Patel was a lifelong lover of action movies, ever since he’d snuck down the stairs as a child and caught scenes from a Bruce Lee movie playing on his parents’ TV set. Over the years, his cinematic diet had included any number of movies featuring kinetic stand-offs and limb-blurring fight sequences from South Korea, Hong Kong, Indonesia, India and, occasionally, Hollywood USA. He sensed that this imaginary brawler was a hero who “would take a beating for a living, but he was righteous. All that masochism was tied up in trauma. It was just a question of: What was this person’s trauma? But I could sense it. It felt like a sort of starting point for …something.”
As for the mask, Patel had not yet connected it to the stories that his grandfather would tell him when the family went to visit the elderly man in Kenya. But later, he’d recall the stories of Hanuman, a mythological character in the Indian epic Ramayana known as “the Monkey King” who led an army of warriors in battle against demons. He represented strength, honor and courage; go to any gym in India, Patel says, and you’ll see Hanuman’s picture on the wall. The mask may or may not have been a subliminal nod to this figure who loomed larger than life in his imagination as a child, but eventually, the line between the two — a mythic superhero and a guy in a mask — would make itself explicit.
“But at first, I just wrote those two words down: ‘Monkey Man,’” Patel recalls. “I had no idea where it would lead or what it meant. But now …” He laughs, as his face registers a sort of wide-eyed shock and he gestures at a poster of his silhouette, framed ominously in a doorway against a red background. “It led to this.“
Both Dev Patel’s directorial debut and his bid for entry into the action-hero pantheon, Monkey Man follows his character — an underground fighter known only as “the Kid” — as he infiltrates the inner workings of a club catering to the big city’s elite. He’s got revenge on his mind and a target, a corrupt police chief (Sikandar Kher), in his sites. As the reasons for his vengeance become clearer, the scope of his rage expands — soon, he’s taking on not just one villain but an entire caste system rotting from the top down and rife with religious exploitation.
Patel originally envisioned this idea of a man in the mask, fighting to avenge a childhood trauma, as a potential role for himself. Eventually, he’d become the film’s co-writer and director as well as its star, going through the looking glass from longtime action-movie fan to first-time co-ordinator of fists-and-feet-of-fury chaos. “I’ve loved this genre for so long, and have felt like it never quite gets its due,” Patel says, leaning forward and practically vibrating off the hotel couch he’s sitting on. “There have been a lot of incredible action movies over the past decade, don’t get me wrong. But as a fan …it’s like watching a girl you you’ve always admired, or been madly in love with at school, who’s always dating the wrong guys or are constantly with people who treat her badly. I’m like, ‘You’re way too good for them. You deserve better. You are worth so much more!’”

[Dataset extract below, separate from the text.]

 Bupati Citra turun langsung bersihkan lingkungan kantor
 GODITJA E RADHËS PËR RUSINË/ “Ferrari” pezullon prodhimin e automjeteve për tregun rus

After that initial image presented itself to Patel around 2014 or so, and the Oscar-nominated actor wrote those two words down, he filed the idea away. But he kept bringing it up to folks around him, describing random scenes or detailing how a fight in, say, a restaurant’s kitchen might play out via certain camera angles. “He’d be describing takes of this movie in his head in between takes of the movies he was acting in,” Jomon Thomas, Dev’s longtime producing partner, says. Certain elements would come and go — for a long time, Patel says, the bad guy was an industrialist — but he had the basic concept and what was more or less a three-act structure down pat.
Eventually, he hired a friend of his, Paul Angunawela, to write a screenplay. After several months, Angunawela pulled him aside. “He told me he’d been struggling with it, and nothing was really moving,” Patel recalls. “He was like, ‘This movie is already in your head. You’re the one that can get out of there and onto the page.’ I stopped taking jobs, settled in L.A. and then we’d go to this cafe in Koreatown, eating two ramens a day and Korean BBQ at night, then just wrote like fiends for a year.” (Both Angunawela and Hotel Mumbai’s John Collee are credited as screenwriters; Patel has a “story by” credit.)

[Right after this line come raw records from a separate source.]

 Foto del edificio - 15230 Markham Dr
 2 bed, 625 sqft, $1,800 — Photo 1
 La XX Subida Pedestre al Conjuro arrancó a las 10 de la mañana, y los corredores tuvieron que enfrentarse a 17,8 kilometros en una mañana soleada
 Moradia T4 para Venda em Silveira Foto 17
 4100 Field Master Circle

Once the script began to shape up, Patel reached out to Neill Blomkamp, who he’d worked with on 2015’s Chappie. The South African filmmaker was intrigued by the movie that Patel was describing in great detail, until finally he asked him point blank: Why are you coming to me with this? “He was basically like, ‘Dev, you know, every frame of this film is in your head. You’re already talking about costumes. You need to direct this, man.’
“One of the reasons that the Hanuman mythology resonates with me, if I’m being honest, is that he was punished by the gods and lost faith in himself,” Patel continues. “He lost sight of his powers. He had to be reminded of who he was. And as someone who struggles with anxiety and has a lot of issues around competence and self-confidence, I love that. I love underdog heroes. So after Neill said that to me, it went from ‘I could never do this’ to ‘Maybe he’s right, I have to do this.’ It really became this opportunity for me to put the film in my head on the screen.”
And did he have any idea what he was getting himself into? Patel shakes his head and sighs. “I wouldn’t be talking to you right here, right now if I had.”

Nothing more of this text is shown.